关 键 词:精英  扩散  蚁群算法  无人机  三维路径优化  
收稿时间:2020-05-06
修稿时间:2020-09-09

An elite diffusion ant colony optimization algorithm for solving 3D path planning of transportation UAV
SONG A-ni,BAO Xian-zhe.An elite diffusion ant colony optimization algorithm for solving 3D path planning of transportation UAV[J].Computer Engineering & Science,2021,43(10):1891-1900.
Authors:SONG A-ni  BAO Xian-zhe
Affiliation:(School of Electrical and Electronic Engineering,Hubei University of Technology,Wuhan 430068,China)
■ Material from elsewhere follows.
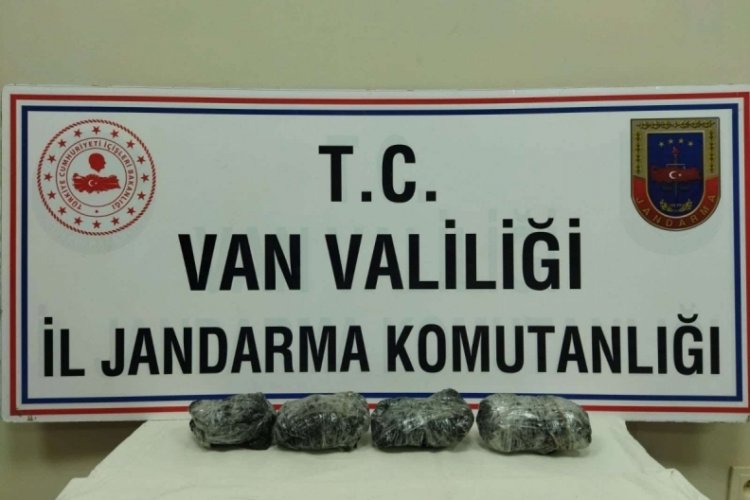 2 kilo 110 gram metamfetamin ele ge&ccedil;irildi
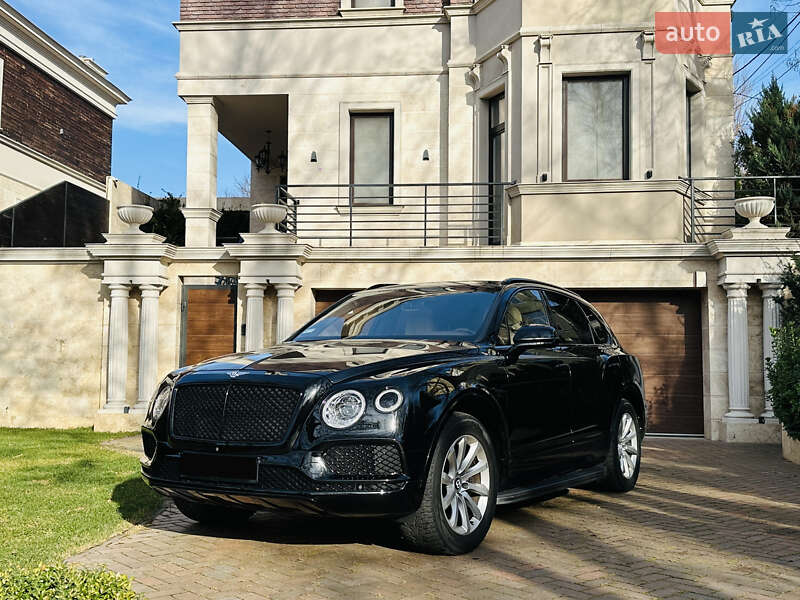 Внедорожник / Кроссовер Bentley Bentayga 2016 в Одессе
Abstract:Aiming at the problem of 3D drone path planning for transportation materials in the affected mountainous areas, an elite ant colony algorithm is proposed. Firstly, the algorithm limits the range of pheromone concentration through an extreme value limiting strategy to prevent the algorithm from falling into a local optimum in the early stage. Secondly, the elite strategy is used to improve the pheromone concentration update formula and strengthen the influence of high-quality individuals on the population. Pheromone diffusion strategies are introduced to strengthen communication and collaboration between individuals closer to each other, in order to prevent the stagnation of the algorithm caused by insufficiently close ant individuals. Finally, the elite diffusion ant colony algorithm, traditional ant colony algorithm, genetic algorithm and firefly algorithm are applied to four examples of disaster-resistant drone transportation in mountainous areas, proving the superiority and effectiveness of the improved algorithm. The algorithm has a good adaptability to the problem of 3D path planning for UAV.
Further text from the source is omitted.